As his behavior begins to grow ever more erratic, his colleague Claire (Antonia Campbell-Hughes), who clearly has unspoken feelings for David, soon picks up on it and attempts to breach the subject with him but to no avail. You see, even he is struggling to accept that a great evil is pent-up within the very bricks and mortar of his once happy family home and it has become an obsession to get to the bottom of it.
Regrettably, the evidence that his mind’s claim is bang on the money is becoming pretty damning as the walls begin threatening to come tumbling down around him. Number one of one priority is keeping his precious son Billy safe from harm, although he’s mindful of the fact that, by holding him so close, he may well be placing his own child in direct danger.
Kavanagh appreciates that the key ingredient to any shocker worth its salt is mystery and refuses the urge to reveal too much until such a time as he’s ready. Just like our tormented lead, we no longer know what to believe and it is testament to a highly creditable turn from Evans that we’re so desperate to figure it out even though we’re reasonably assured that all this curiosity could amount to him being snatched callously away into the shadows at any given moment.
Framing is critical here as David’s fretful face is kept front and centre constantly, usually in isolation from other characters, so we get the ominous pleasure of watching the dominoes fall one by one behind his weary eyes and director of photography Piers McGrail uses deep red as the primary color to keep the audience on high alert throughout. Meanwhile, the pulsating score by Ceiri Torjussen isn’t designed to let you rest easy and the overall sound design is impeccable from stem to stern.
While Evans unquestionably anchors the film, there are a number of other key performances that stand out also.

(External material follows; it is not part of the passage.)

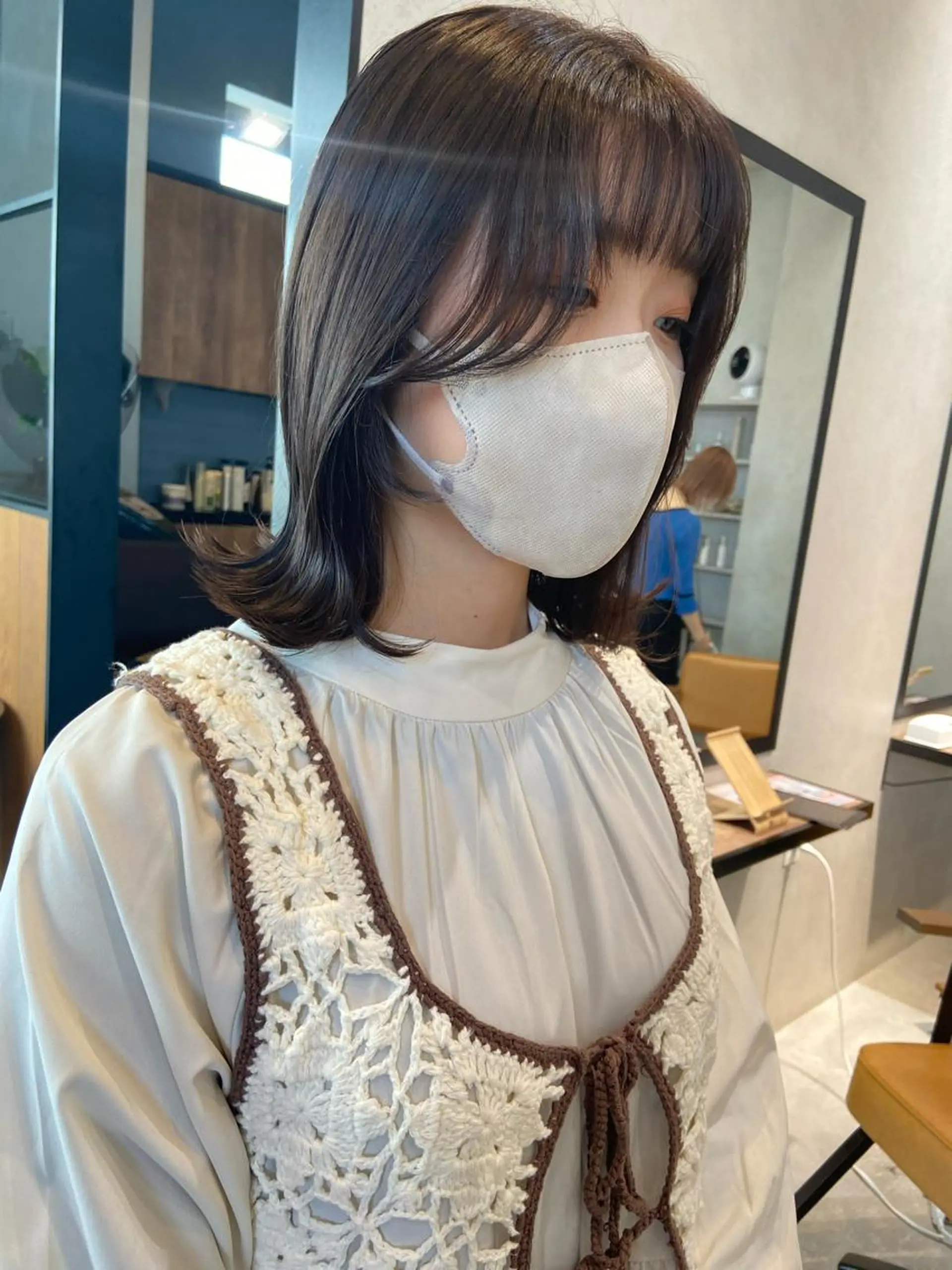 ミディアム カット ヘアカラー トリートメント GLROW haruhiのヘアスタイル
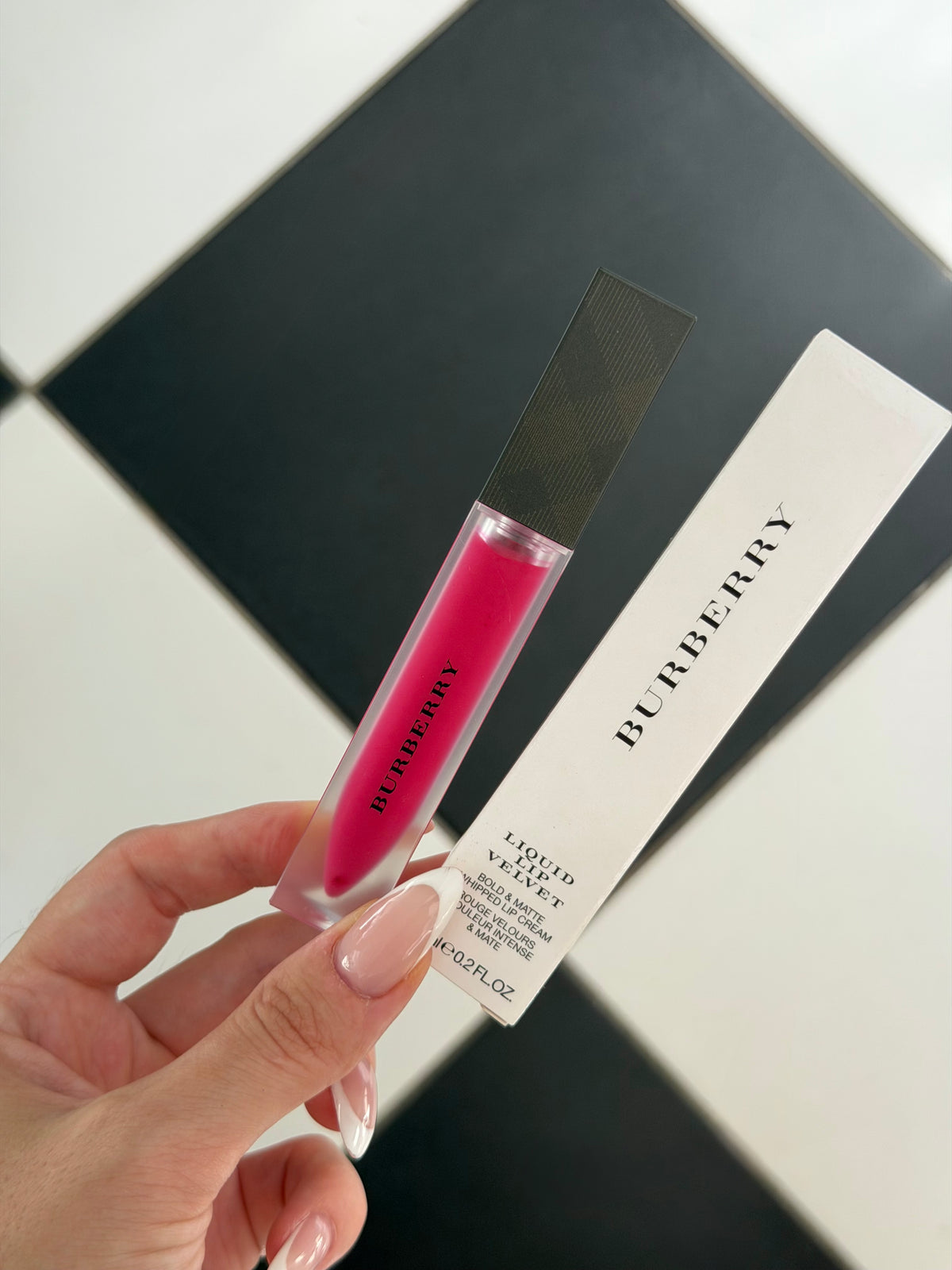 BURBERRY Liquid Lip Velvet - Bold & Matte Whipped Lip Cream - Magenta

Campbell-Hughes is superb as perhaps the only person left who David can count on, particularly when it becomes harder to justify his actions. She is desperate to help him but we watch the hope steadily draining away as she is forced to admit that something evidently isn’t right with him. Byrne is no less magnanimous as his long-suffering nanny, torn between the genuine bond she shares with the child under her care and the hellish demands of entertaining her employer’s episodic madness.
What Kavanagh provides is an intense, dread laden death march through the darkest recesses of a fast fracturing mind and a chronicle of grief and its manifestation.The crack in the wall reflects the same fissure opening up in David’s own fragmented mindset and, just like him, we won’t rest until we learn what kind of misery lies on the other side. While the closing act finally answers our questions by opting for shocks of a more overt nature, when that sucker punch eventually comes, it packs enough oomph to truly knock the wind from our already flagging sails.

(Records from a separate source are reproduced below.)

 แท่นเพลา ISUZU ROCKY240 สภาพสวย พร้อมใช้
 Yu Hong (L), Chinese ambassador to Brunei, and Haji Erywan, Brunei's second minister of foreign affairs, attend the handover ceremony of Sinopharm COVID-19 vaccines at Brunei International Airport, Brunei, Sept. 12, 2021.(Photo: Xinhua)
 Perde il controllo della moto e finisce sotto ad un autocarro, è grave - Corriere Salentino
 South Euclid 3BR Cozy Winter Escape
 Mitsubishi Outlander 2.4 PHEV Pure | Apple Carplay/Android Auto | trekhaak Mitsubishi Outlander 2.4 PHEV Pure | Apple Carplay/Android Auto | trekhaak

Some may consider the conclusion something of a knock-off of Hideo Nakata’s Ringu and, while there are clear parallels, I’d prefer to think of it as affectionate homage and a damn affecting one at that. By this point, the hard work has already been done, and any revelation whatsoever is likely to push this film deeper beneath our skins where it will no doubt fester for days. The Canal may not be able to boast the widespread appeal of certain more fashionable frightmares, but it calls to mind the work of Hammer and Amicus studios in the seventies and there are few compliments I can pay greater than that.

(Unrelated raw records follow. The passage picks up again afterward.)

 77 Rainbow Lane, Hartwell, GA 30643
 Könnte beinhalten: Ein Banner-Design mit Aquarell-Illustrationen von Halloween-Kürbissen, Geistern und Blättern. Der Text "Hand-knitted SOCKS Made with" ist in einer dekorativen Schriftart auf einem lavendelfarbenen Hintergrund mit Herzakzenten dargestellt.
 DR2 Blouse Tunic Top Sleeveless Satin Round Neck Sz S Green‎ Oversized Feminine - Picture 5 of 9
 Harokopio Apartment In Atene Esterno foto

Crimson Quill’s Judgement: 8/10
Dread Factor: 4/5
For the Dread-Heads: Kavanagh clearly has an idea of the dos and don’ts of making an effective scary movie and, for the most part, refrains from revealing too much in favor of steadily ratcheting the tension by more cerebral means. Occasionally he takes the easy route and, to his credit, orchestrates the more elementary shocks decidedly well but it’s the omnipresent air of stillness that makes The Canal such a nightmarish number and there’s plenty of that spread throughout.